С наступлением темноты в сопровождении разведчиков-сибиряков двинулись в путь, добрую часть которого нас провожал командир батальона. Он пожелал нам успеха:
— Встретимся после победы!
Вскоре достигли деревни Собакино, разведчики передали Рыжову задание командира и представили нас.
— Прекрасно, — сказал Рыжов, — пройдем — лист не шелохнется, только луна, кажется, собирается вынырнуть. Но ничего, что-либо придумаем.
По его уверенному голосу и манерам чувствовалось, что он успел обстоятельно ознакомиться с местностью.
Составили план перехода. В километре от нас находились немцы.

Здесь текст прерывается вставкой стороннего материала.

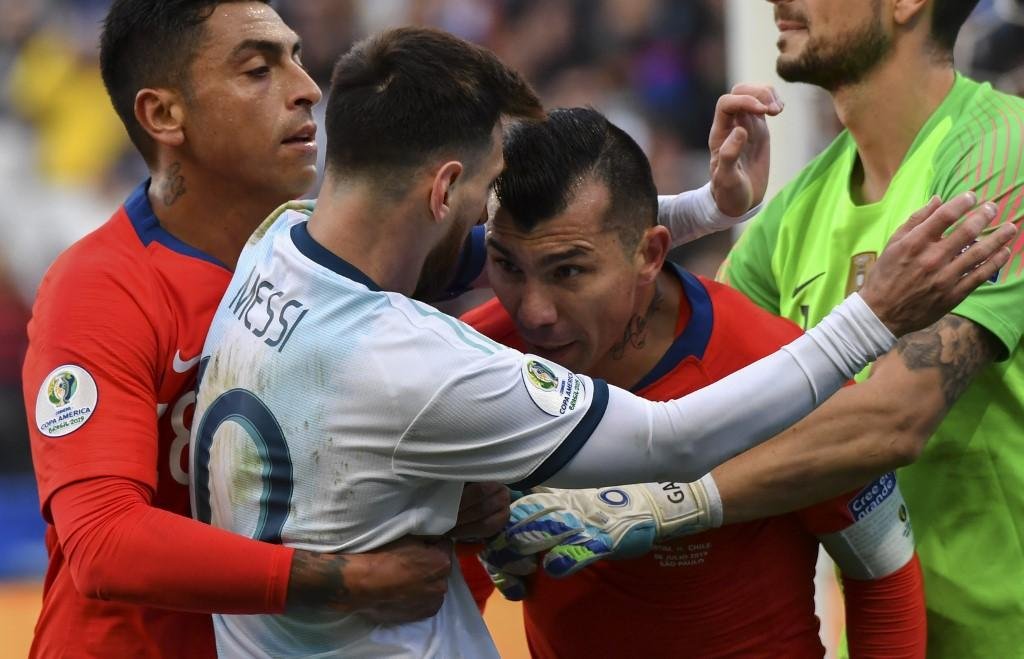 Messi foi expulso na disputa de terceiro lugar, contra o Chile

Рыжов со своими бойцами знал каждую «щель» в их расположении, но, на наше несчастье, ветер прогнал облака, и полная луна осветила окрестности.
— Нет, в такую ночь идти — это самоубийство, — проговорил Рыжов. — Противник нас обнаружит и будет преследовать по лыжням. Надо дождаться снегопада.
Решили заночевать в деревне. На рассвете прибежал разведчик и сообщил, что недалеко замечены два лыжника, которые около часа вели наблюдение за деревней, а затем скрылись.
Около полудня со стороны противника показалась группа лыжников. Двое из них отделились и пошли прямо на нас. Рыжов приказал огня не открывать. В двухстах метрах лыжники остановились и, о чем-то переговорив, исчезли за бугром.
Вот вынырнули еще шестеро и спрятались за тем же бугром. По-видимому, немцы скапливались для атаки. Лежавший рядом со мной Рыжов внимательно следил за маневрами врага. Когда последний лыжник скрылся, он сказал:
— Ну, Станислав Алексеевич, не хотели мы здесь шуметь, а, видно, придется. Вероятно, из-за этого холма вылезут немцы, нужно подготовиться. Как ваши ребята?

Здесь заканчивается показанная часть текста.